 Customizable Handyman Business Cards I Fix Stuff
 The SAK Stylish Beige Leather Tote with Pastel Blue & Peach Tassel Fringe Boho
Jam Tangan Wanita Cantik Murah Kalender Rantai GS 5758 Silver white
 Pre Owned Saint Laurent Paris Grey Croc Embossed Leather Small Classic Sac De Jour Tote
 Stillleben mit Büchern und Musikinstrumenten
::::::
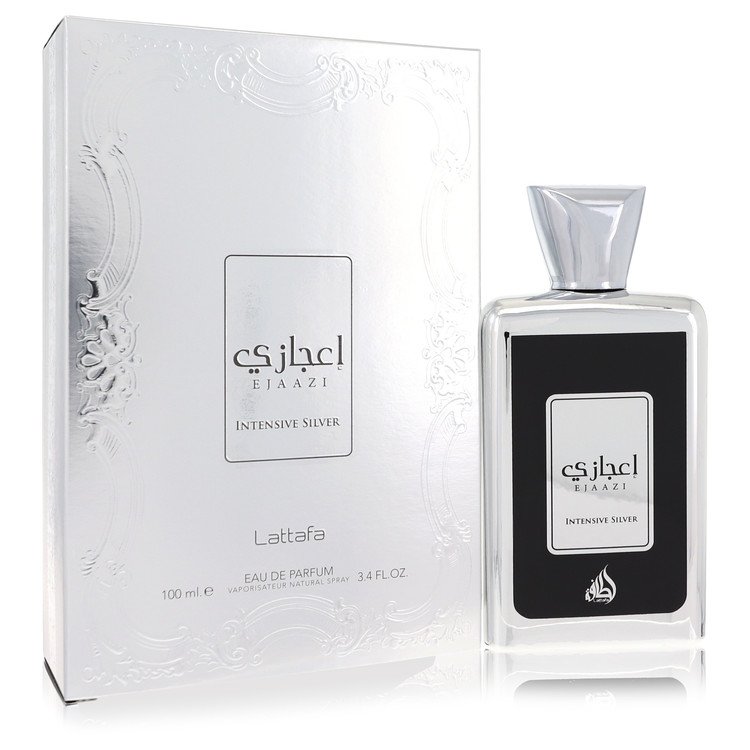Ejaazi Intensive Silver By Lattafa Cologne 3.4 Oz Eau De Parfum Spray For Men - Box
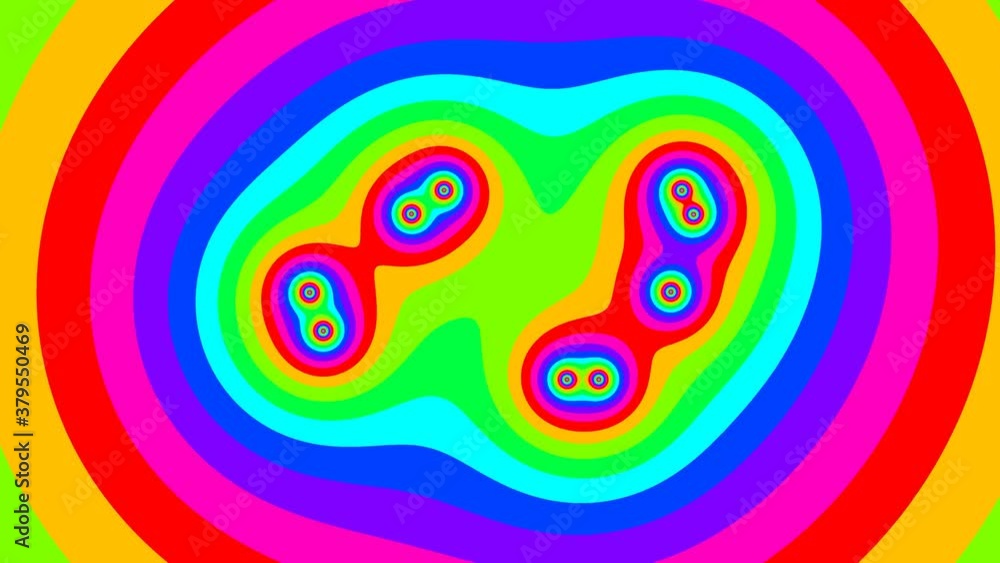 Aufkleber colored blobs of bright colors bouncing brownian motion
::::::
◆ **THE TASK**
In the entries above, find the line with "Jam Tangan Wanita" and the line with "Stillleben mit Büchern und Musikinstrumenten", then set down exactly those two and every line between them, nothing else.

◆ **EXERCISE RESULT**
Jam Tangan Wanita Cantik Murah Kalender Rantai GS 5758 Silver white
 Pre Owned Saint Laurent Paris Grey Croc Embossed Leather Small Classic Sac De Jour Tote
 Stillleben mit Büchern und Musikinstrumenten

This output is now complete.